» **Records excerpted from a collection**
######
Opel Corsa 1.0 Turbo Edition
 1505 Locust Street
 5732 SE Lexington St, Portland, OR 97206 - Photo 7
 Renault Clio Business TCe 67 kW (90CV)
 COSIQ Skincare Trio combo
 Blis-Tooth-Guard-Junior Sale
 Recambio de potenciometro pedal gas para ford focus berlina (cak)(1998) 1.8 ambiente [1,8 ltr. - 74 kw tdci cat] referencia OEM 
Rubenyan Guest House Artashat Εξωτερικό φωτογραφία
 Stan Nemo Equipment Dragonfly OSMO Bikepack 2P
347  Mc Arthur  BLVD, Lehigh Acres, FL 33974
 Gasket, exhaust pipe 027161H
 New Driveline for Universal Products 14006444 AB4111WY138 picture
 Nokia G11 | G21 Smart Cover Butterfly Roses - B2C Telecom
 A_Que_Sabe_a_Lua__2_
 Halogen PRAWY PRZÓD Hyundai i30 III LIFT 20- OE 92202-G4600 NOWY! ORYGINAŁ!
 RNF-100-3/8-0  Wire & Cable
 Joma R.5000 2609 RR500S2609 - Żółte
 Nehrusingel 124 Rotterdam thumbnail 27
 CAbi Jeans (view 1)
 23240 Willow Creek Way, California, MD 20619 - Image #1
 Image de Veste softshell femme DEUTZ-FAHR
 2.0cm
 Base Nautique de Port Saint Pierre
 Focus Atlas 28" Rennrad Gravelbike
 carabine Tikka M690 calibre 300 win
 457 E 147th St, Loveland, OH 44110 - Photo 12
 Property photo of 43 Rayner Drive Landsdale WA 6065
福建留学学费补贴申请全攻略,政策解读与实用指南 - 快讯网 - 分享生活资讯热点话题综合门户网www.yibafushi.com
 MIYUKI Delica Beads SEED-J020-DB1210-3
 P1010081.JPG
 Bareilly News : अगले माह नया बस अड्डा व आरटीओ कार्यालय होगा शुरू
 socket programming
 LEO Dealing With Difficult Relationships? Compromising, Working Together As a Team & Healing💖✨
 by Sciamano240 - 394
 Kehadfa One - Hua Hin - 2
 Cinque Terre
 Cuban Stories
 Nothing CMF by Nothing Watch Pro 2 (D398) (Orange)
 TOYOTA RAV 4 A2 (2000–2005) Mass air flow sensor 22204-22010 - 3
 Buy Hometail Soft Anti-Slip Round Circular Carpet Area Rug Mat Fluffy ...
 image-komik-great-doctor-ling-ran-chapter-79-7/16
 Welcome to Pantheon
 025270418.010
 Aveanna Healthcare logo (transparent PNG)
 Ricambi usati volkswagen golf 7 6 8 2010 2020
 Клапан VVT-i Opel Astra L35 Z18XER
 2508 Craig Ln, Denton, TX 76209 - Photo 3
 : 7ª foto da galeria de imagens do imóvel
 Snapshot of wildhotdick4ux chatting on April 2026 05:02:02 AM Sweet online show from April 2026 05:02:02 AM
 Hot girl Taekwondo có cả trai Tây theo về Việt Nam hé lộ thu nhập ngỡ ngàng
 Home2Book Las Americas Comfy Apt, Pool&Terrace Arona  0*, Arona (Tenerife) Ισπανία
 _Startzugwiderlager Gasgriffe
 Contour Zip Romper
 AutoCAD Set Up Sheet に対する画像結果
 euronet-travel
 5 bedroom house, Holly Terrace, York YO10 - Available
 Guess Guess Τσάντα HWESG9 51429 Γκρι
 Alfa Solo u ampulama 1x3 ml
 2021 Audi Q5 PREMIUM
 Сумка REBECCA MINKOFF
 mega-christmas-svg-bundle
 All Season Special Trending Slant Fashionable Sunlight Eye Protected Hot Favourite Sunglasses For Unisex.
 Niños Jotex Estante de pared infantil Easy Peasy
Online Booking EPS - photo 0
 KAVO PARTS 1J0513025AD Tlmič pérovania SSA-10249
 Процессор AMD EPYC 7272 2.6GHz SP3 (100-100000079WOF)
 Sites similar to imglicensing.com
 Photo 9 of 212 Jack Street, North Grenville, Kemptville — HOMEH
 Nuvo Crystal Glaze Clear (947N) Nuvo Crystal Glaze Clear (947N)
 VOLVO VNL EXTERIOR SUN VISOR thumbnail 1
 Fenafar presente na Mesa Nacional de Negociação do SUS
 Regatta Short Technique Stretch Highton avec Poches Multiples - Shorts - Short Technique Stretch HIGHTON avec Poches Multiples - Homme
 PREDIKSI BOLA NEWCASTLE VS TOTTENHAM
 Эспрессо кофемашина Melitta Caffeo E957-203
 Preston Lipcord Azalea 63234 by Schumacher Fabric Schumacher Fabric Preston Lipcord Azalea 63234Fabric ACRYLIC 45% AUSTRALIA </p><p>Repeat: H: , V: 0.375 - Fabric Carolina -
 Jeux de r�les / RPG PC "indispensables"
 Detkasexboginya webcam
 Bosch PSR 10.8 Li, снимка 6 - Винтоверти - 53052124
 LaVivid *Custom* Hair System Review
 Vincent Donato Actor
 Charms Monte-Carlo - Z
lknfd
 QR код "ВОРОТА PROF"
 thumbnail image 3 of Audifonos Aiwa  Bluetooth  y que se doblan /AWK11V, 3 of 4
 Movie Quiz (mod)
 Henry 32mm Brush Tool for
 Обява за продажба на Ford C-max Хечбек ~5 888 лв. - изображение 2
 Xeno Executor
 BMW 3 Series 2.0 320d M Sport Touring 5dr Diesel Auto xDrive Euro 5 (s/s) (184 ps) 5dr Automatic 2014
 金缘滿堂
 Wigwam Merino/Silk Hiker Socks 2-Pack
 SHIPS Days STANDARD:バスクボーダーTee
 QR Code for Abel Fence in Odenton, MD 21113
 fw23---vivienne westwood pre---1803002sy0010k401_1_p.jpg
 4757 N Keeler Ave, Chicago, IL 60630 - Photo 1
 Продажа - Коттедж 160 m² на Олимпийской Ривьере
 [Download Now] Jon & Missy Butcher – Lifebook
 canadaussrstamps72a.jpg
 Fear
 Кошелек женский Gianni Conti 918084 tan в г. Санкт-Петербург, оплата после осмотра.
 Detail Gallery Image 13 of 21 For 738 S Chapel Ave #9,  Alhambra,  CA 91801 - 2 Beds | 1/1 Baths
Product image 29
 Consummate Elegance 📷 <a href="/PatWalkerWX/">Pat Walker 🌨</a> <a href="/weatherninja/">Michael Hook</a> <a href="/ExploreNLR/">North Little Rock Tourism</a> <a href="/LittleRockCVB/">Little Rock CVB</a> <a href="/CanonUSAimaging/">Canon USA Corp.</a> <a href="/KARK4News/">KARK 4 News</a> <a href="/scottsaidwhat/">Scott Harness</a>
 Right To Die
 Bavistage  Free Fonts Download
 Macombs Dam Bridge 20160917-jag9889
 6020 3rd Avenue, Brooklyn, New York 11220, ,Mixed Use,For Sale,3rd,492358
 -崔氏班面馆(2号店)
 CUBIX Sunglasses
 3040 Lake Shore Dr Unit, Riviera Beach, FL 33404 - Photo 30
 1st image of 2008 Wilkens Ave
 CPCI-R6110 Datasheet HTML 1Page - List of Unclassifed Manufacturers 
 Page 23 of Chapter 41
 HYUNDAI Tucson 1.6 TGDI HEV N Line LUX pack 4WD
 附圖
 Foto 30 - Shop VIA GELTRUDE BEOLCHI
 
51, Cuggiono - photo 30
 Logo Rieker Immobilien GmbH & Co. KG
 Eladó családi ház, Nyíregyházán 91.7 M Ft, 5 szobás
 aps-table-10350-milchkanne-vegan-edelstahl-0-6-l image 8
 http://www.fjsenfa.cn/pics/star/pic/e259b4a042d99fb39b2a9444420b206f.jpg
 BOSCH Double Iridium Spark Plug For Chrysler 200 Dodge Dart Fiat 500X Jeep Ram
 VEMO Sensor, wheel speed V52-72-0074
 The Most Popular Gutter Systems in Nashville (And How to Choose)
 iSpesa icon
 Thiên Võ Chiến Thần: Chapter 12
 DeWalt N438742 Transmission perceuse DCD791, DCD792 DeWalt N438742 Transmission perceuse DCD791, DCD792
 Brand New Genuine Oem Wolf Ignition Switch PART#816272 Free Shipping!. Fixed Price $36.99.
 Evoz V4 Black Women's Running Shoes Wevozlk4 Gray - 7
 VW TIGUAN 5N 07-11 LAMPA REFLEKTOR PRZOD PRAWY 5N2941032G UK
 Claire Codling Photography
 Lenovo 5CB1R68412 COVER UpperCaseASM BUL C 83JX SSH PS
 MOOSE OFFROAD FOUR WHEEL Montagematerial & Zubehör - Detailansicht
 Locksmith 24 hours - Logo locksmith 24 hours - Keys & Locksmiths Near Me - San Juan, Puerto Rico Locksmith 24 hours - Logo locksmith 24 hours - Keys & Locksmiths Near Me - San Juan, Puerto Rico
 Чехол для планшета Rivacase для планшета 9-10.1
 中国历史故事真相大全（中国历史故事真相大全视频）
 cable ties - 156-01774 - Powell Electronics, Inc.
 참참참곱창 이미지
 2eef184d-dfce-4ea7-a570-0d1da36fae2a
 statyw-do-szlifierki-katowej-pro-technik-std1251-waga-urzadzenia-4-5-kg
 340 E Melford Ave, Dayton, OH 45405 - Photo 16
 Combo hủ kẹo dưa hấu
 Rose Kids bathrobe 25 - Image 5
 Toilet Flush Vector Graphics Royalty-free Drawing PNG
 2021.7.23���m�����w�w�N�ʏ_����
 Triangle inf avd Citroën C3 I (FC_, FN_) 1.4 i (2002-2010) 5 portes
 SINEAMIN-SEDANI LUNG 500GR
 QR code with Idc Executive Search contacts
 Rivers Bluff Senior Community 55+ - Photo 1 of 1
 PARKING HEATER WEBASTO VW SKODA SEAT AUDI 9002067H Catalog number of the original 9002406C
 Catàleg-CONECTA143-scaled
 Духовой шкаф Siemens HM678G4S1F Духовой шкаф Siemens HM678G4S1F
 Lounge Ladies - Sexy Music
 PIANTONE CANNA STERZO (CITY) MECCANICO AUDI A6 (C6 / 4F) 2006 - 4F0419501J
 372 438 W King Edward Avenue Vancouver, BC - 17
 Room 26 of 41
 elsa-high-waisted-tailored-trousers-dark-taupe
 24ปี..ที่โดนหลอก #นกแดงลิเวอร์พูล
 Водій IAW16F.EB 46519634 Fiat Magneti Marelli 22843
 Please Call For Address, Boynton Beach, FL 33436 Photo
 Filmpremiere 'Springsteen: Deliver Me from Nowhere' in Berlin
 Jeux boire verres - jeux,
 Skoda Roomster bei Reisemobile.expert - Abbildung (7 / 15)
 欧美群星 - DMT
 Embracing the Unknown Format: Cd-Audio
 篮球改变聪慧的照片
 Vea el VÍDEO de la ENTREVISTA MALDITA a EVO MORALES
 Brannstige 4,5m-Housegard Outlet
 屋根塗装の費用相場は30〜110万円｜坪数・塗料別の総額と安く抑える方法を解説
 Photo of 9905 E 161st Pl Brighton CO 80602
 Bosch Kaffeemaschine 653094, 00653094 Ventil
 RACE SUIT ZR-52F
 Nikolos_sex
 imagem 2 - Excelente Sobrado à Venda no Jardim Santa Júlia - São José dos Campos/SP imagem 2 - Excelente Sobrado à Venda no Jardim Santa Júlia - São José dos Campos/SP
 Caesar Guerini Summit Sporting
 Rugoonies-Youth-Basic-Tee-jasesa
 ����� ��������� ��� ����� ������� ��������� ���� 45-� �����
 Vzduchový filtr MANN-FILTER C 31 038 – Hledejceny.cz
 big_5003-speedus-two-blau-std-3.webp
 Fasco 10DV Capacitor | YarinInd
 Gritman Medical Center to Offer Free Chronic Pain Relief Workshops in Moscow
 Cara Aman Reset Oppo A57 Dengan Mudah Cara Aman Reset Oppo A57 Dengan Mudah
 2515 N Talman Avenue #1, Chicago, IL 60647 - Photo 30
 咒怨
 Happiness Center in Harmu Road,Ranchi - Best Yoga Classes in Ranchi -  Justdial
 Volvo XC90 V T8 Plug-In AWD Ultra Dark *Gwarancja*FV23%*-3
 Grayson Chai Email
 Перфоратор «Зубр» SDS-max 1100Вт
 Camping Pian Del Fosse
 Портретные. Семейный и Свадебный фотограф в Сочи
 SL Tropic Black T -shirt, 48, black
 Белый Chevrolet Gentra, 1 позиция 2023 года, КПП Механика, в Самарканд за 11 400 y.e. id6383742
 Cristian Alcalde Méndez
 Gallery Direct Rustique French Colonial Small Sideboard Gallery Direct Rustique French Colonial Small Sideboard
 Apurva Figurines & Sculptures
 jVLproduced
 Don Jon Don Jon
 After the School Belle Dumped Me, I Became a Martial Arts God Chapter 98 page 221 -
######
» **WORK INSTRUCTION**
Beginning at the line above that contains "Movie Quiz (mod)", return each line exactly through the line that contains "aps-table-10350-milchkanne-vegan-edelstahl-0-6-l image 8", and no others.

» **RESPONSE**
 Movie Quiz (mod)
 Henry 32mm Brush Tool for
 Обява за продажба на Ford C-max Хечбек ~5 888 лв. - изображение 2
 Xeno Executor
 BMW 3 Series 2.0 320d M Sport Touring 5dr Diesel Auto xDrive Euro 5 (s/s) (184 ps) 5dr Automatic 2014
 金缘滿堂
 Wigwam Merino/Silk Hiker Socks 2-Pack
 SHIPS Days STANDARD:バスクボーダーTee
 QR Code for Abel Fence in Odenton, MD 21113
 fw23---vivienne westwood pre---1803002sy0010k401_1_p.jpg
 4757 N Keeler Ave, Chicago, IL 60630 - Photo 1
 Продажа - Коттедж 160 m² на Олимпийской Ривьере
 [Download Now] Jon & Missy Butcher – Lifebook
 canadaussrstamps72a.jpg
 Fear
 Кошелек женский Gianni Conti 918084 tan в г. Санкт-Петербург, оплата после осмотра.
 Detail Gallery Image 13 of 21 For 738 S Chapel Ave #9,  Alhambra,  CA 91801 - 2 Beds | 1/1 Baths
Product image 29
 Consummate Elegance 📷 <a href="/PatWalkerWX/">Pat Walker 🌨</a> <a href="/weatherninja/">Michael Hook</a> <a href="/ExploreNLR/">North Little Rock Tourism</a> <a href="/LittleRockCVB/">Little Rock CVB</a> <a href="/CanonUSAimaging/">Canon USA Corp.</a> <a href="/KARK4News/">KARK 4 News</a> <a href="/scottsaidwhat/">Scott Harness</a>
 Right To Die
 Bavistage  Free Fonts Download
 Macombs Dam Bridge 20160917-jag9889
 6020 3rd Avenue, Brooklyn, New York 11220, ,Mixed Use,For Sale,3rd,492358
 -崔氏班面馆(2号店)
 CUBIX Sunglasses
 3040 Lake Shore Dr Unit, Riviera Beach, FL 33404 - Photo 30
 1st image of 2008 Wilkens Ave
 CPCI-R6110 Datasheet HTML 1Page - List of Unclassifed Manufacturers 
 Page 23 of Chapter 41
 HYUNDAI Tucson 1.6 TGDI HEV N Line LUX pack 4WD
 附圖
 Foto 30 - Shop VIA GELTRUDE BEOLCHI
 
51, Cuggiono - photo 30
 Logo Rieker Immobilien GmbH & Co. KG
 Eladó családi ház, Nyíregyházán 91.7 M Ft, 5 szobás
 aps-table-10350-milchkanne-vegan-edelstahl-0-6-l image 8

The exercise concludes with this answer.